◆ **Provided material**
━━━━━━━━

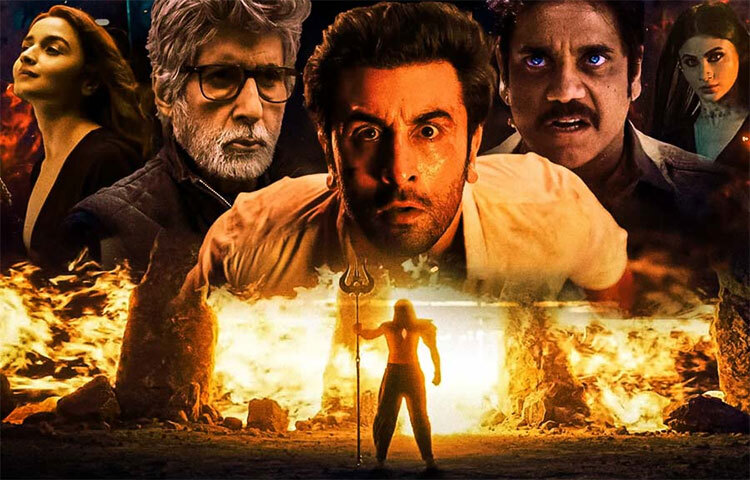 ৪১০ কোটি রুপি বাজেটের এই ছবিতে অসাধারণ অভিনয় দক্ষতার মাধ্যমে দর্শক মহলের মন জিতেছেন রণবীর কাপুর, আলিয়া ভাট, অমিতাভ বচ্চন, শাহরুখ খান, নাগার্জুন এবং মৌনি রায়। বক্স অফিসে ভালোই সাড়া ফেলেছে অয়ন মুখোপাধ্যায় পরিচালিত ‘ব্রহ্মাস্ত্র’। ছবি: সংগৃহীত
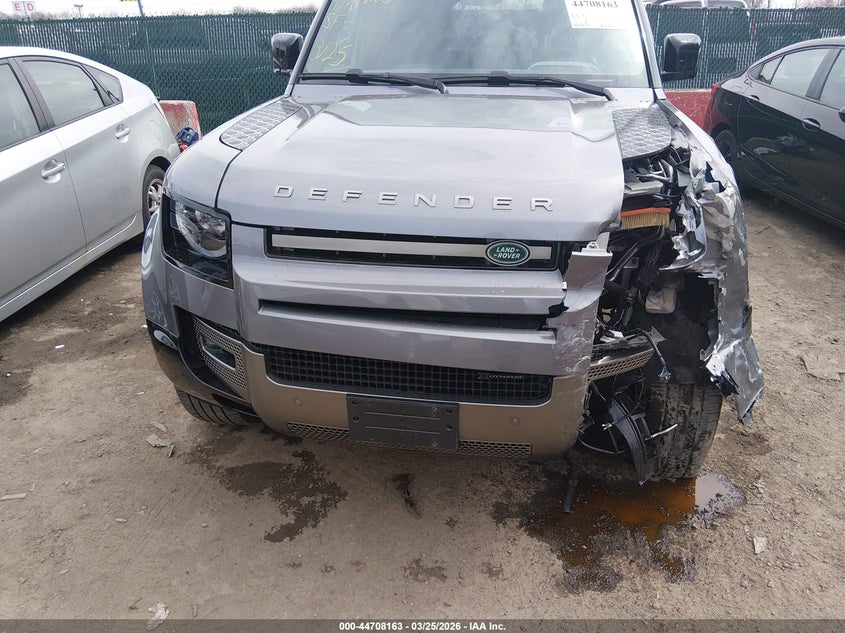 2023 Land Rover Defender 110 X-Dynamic Se VIN: SALE27EU9P2114686 Lot: 44708163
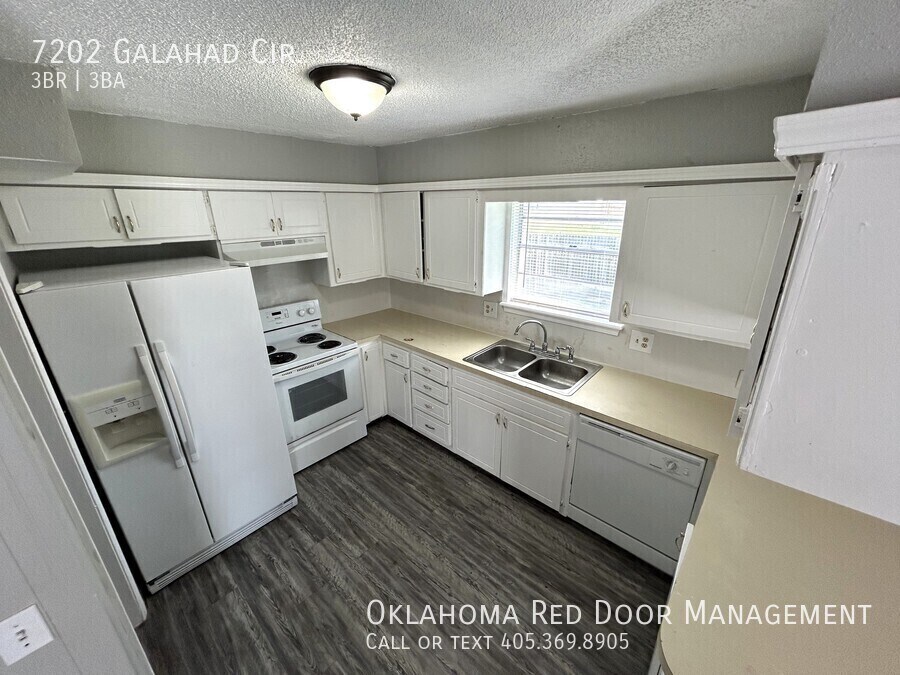 Building Photo - 7202 Galahad Cir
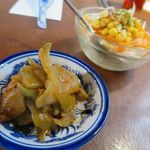 カウボーイカレー - 付け合せはザーサイのアチャール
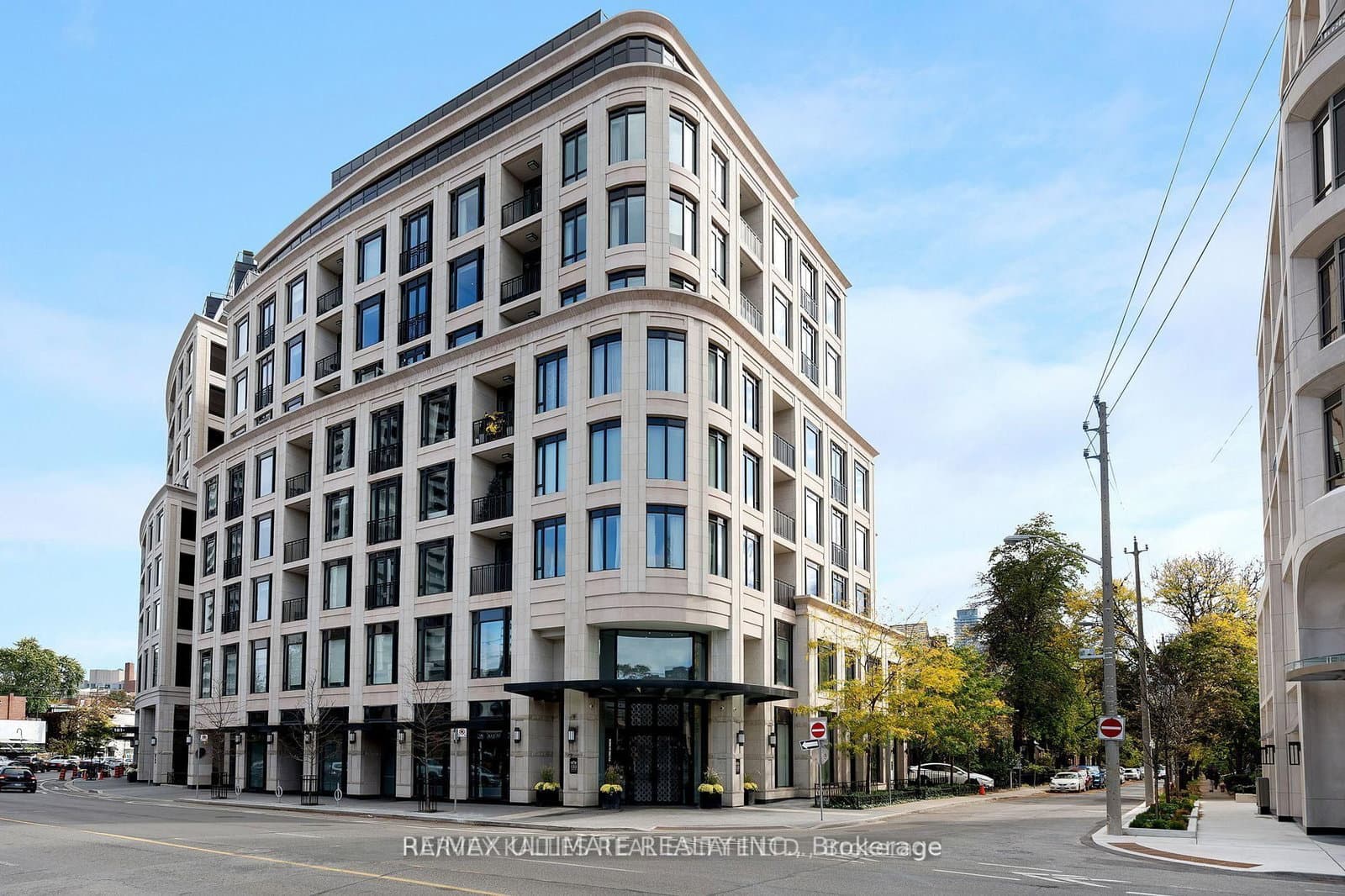 133 Hazelton Avenue, Unit 202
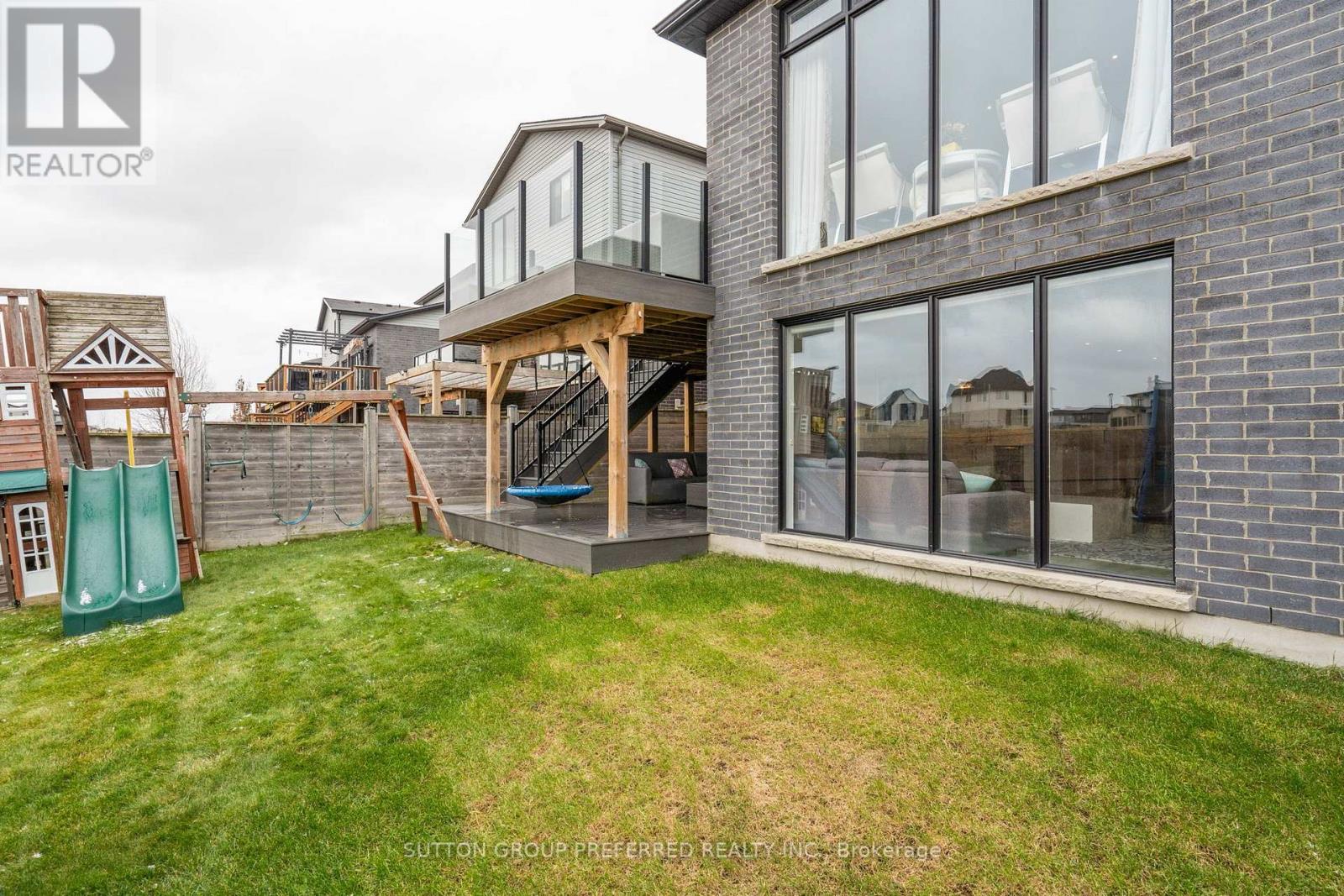 2058 Wateroak Drive, London North (North S), Ontario  N6G 0P9 - Photo 42 - X12589578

━━━━━━━━

◆ **Work request**
Only the lines from the one containing "133 Hazelton Avenue, Unit 202" through the last line of the records above should be repeated, exactly and without pictures.

◆ **Result of this task**
 133 Hazelton Avenue, Unit 202
 2058 Wateroak Drive, London North (North S), Ontario  N6G 0P9 - Photo 42 - X12589578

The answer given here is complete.